Gene Worrell, 86, newspaper entrepreneur
CHARLOTTESVILLE (AP) — Newspaper entrepreneur Gene Worrell, former owner of the Bristol Herald Courier and Charlottesville Daily Progress, died April 20. He was 86.
Mr. Worrell’s newspaper empire, which once included more than 30 newspapers, began when he founded the Bristol Virginia-Tennessean in 1949.
The afternoon daily later formed a joint operating agreement with the competing Herald Courier. Mr. Worrell acquired the Herald Courier in 1961, and merged the two papers as the Herald Courier in 1986.
Among his Virginia holdings were newspapers in Woodbridge, Suffolk, Pulaski and Marion.
Art Powers, former publisher of the Herald Courier under Mr. Worrell, recalled him as a great mentor and friend.
“He loved people but he really loved newspaper people,” said Mr. Powers, now publisher of the Johnson City (Tenn.) Press. “He respected newspaper people for what they did every day.”
Mr. Worrell eventually sold all of his newspapers, except for the Bristol-area operations, to his son Tom. Mr. Worrell sold the Herald Courier and two affiliated weeklies to Media General Inc. in 1998.
A graduate of Wake Forest University and George Washington University School of Law in Washington, Mr. Worrell started a private law practice in Bristol in 1941. He later served as a special agent with the FBI before returning to his law practice later that decade.
He also established and operated the Worrell Land and Cattle Co.
Mr. Worrell was named a life member of the Wake Forest University’s board of trustees in 1987.
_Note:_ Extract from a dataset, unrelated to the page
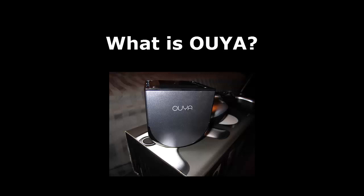So what exactly is this little device all about? Ouya started as a Kickstarter project back in July of 2012 and was to be the first open source gaming console ever.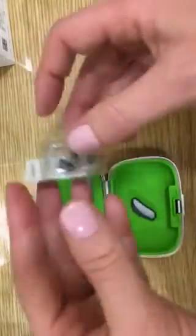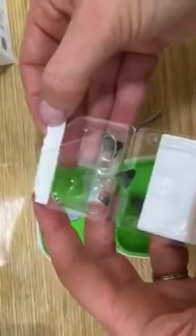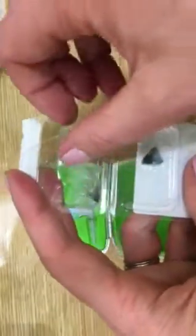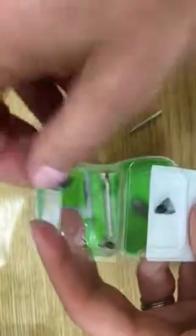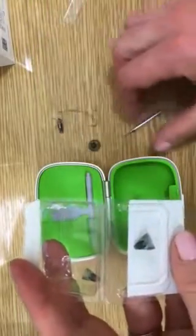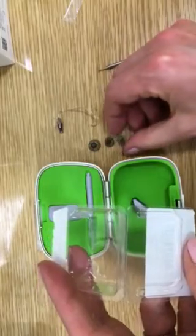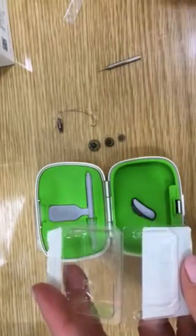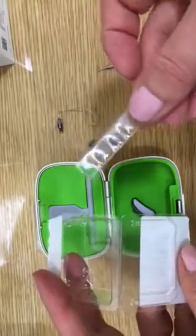Now open our new receiver. Each new receiver will come with three domes: the large dome, the medium dome, and the small dome. You'll also get a spare pin should you lose yours during the process.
He and his wife, Anne, also were involved with Virginia Intermont College, which she attended.
In 1975, Mr. Worrell bought the 36-acre Pantops Estate in Charlottesville, which once was owned by Thomas Jefferson. The property became home to the Worrell Newspaper chain’s corporate offices and Mr. Worrell’s herds of bison, Scottish highlander longhaired cattle and Texas longhorns.